- Specialty: Endocrinology
- Symptoms: bruising, petechiae, hematomas, oozing of blood at surgical or puncture sites, stomach pains, cartilage calcification, and severe malformation of developing bone or deposition of insoluble calcium salts in the walls of arteries.
- Causes: insufficient dietary vitamin K_{1} or vitamin K_{2} or both
- Medication: phytonadione

= Vitamin K deficiency =

Vitamin K deficiency results from insufficient dietary vitamin K_{1} or vitamin K_{2} or both.

==Signs and symptoms==
Symptoms include bruising, petechiae, and hematomas.

Vitamin K is changed to its active form in the liver by the enzyme vitamin K epoxide reductase. Activated vitamin K is then used to gamma carboxylate (and thus activate) certain enzymes involved in coagulation: Factors II, VII, IX, X, and protein C and protein S. The inability to activate the clotting cascade via these factors leads to the bleeding symptoms mentioned above.

Notably, when one examines the lab values in vitamin K deficiency [see below] the prothrombin time is elevated, but the partial thromboplastin time is normal or only mildly prolonged. The deficiency leads to decreased activity in the intrinsic pathway (F-IX) factors, monitored by PTT, and the extrinsic pathway (F-VII) which PT monitors. However, factor VII has the shortest half-life of all the factors carboxylated by vitamin K; therefore, when deficient, it is the PT that rises first, since the activated Factor VII is the first to "disappear." In later stages of deficiency, the other factors (which have longer half-lives) can "catch up," and the PTT also rises.

==Cause==
Vitamin K_{1}-deficiency may occur by disturbed intestinal uptake (such as would occur in a bile duct obstruction), by therapeutic or accidental intake of a vitamin K_{1}-antagonist such as warfarin, or, very rarely, by nutritional vitamin K_{1} deficiency. As a result, Gla-residues are inadequately formed and the Gla-proteins are insufficiently active.

==Epidemiology==
The prevalence of vitamin K deficiency varies by geographic region. For infants in the United States, vitamin K_{1} deficiency without bleeding may occur in as many as 50% of infants younger than 5 days old, with the classic hemorrhagic disease occurring in 0.25-1.7% of infants. Therefore, the Committee on Nutrition of the American Academy of Pediatrics recommends that 0.5 to 1.0 mg vitamin K_{1} be administered to all newborns shortly after birth.

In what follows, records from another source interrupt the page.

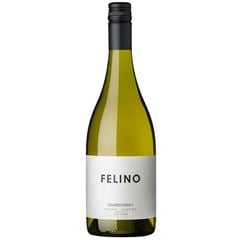 Vinho Cobos Felino Chardonnay Bco 1x750ml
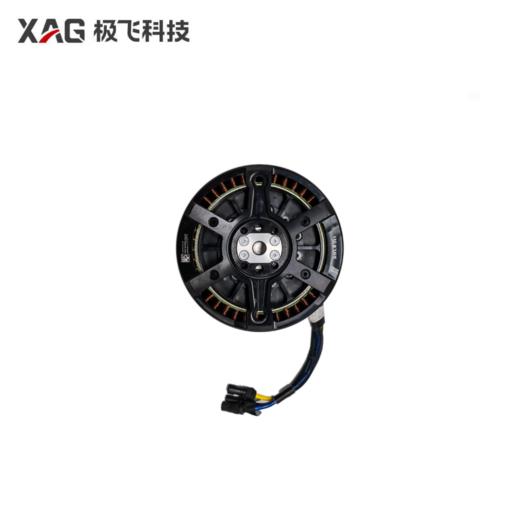 极飞 P80 2021款 动力电机 农机配件 商品图0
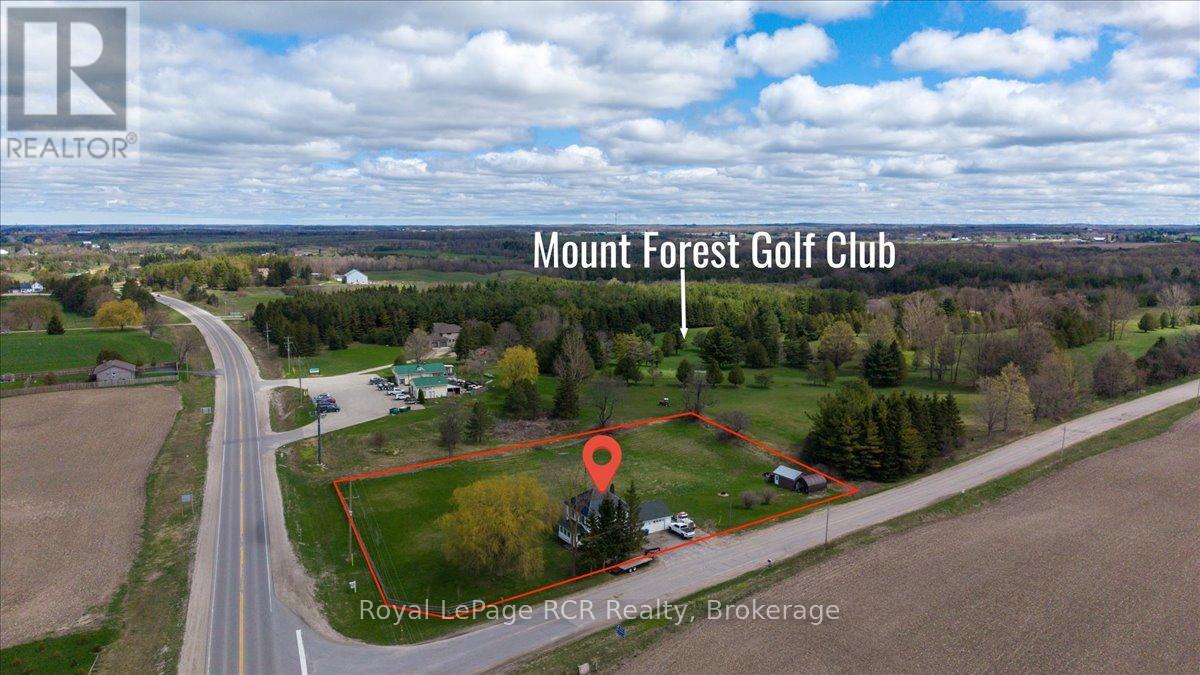 123007 Southgate Road 12, Southgate, Ontario  N0G 2L0 - Photo 41 - X12882120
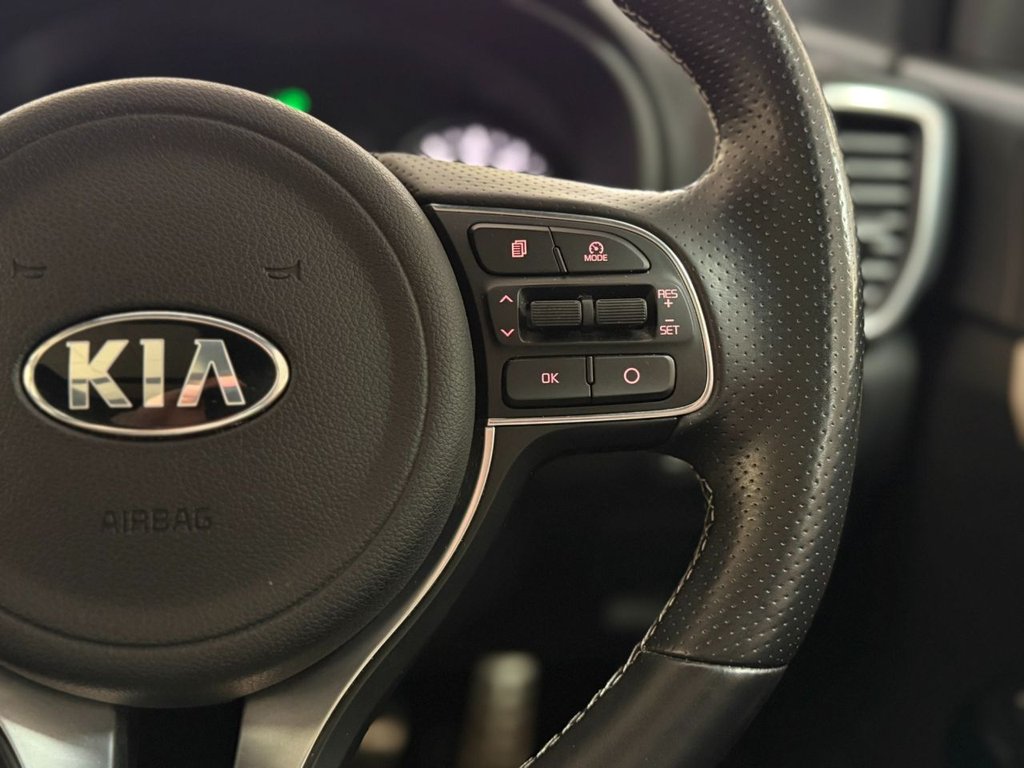 Used Kia Sportage 2018 for sale - 76927634: Photo 29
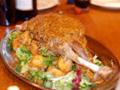 Raan Roast - Mutton Leg Roast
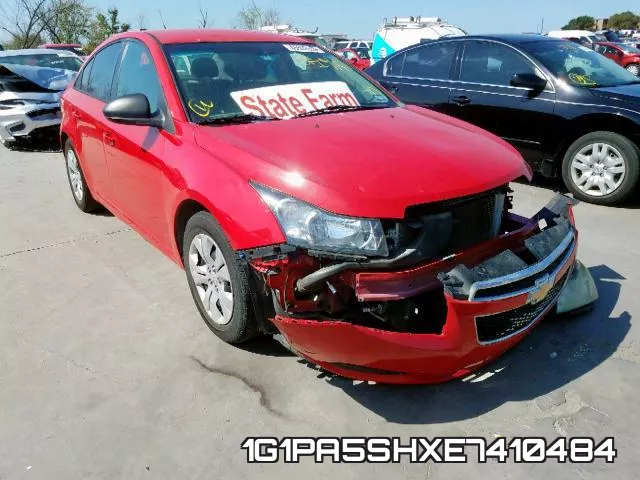 1G1PA5SHXE7410484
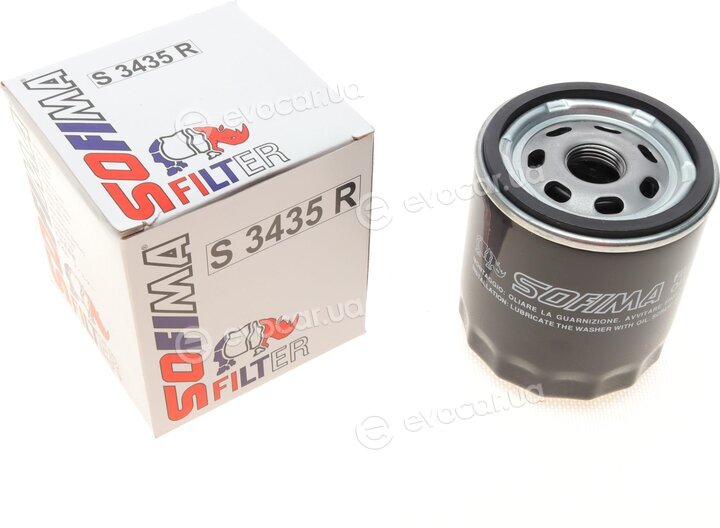 Sofima S 3435 R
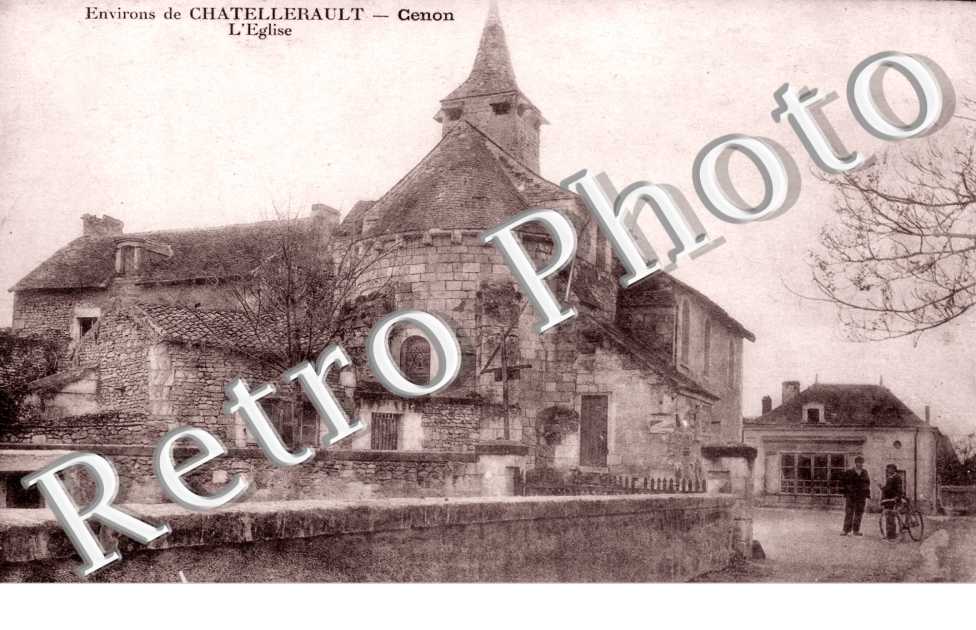 L&#039;eglise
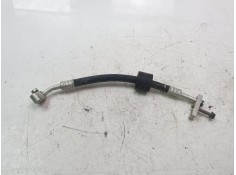 Recambio de tubos aire acondicionado para mg zs comfort referencia OEM IAM 08CGDE3  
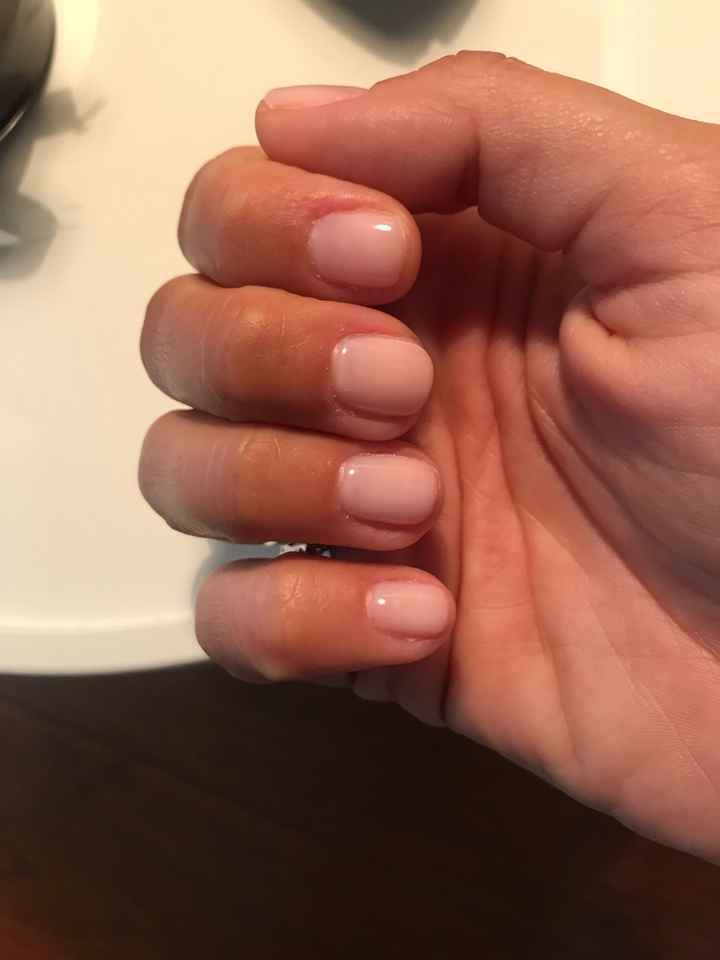 Prova smalto 😍 - 2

Postmenopausal and elderly women in Thailand have a high risk of vitamin K_{2} deficiency, compared with the normal value of young, reproductive females.
Current dosage recommendations for vitamin K may be too low. The deposition of calcium in soft tissues, including arterial walls, is quite common, especially in those who have atherosclerosis, suggesting that vitamin K deficiency is more common than previously thought.

Because colonic bacteria synthesize a significant portion of the vitamin K required for human needs, individuals with disruptions to or insufficient amounts of these bacteria can be at risk for vitamin K deficiency. As mentioned above, newborns fit into this category, as their colons are frequently not adequately colonized in the first five to seven days of life. Another at-risk population comprises those individuals on any long-term antibiotic therapy, as this can diminish the population of normal gut flora.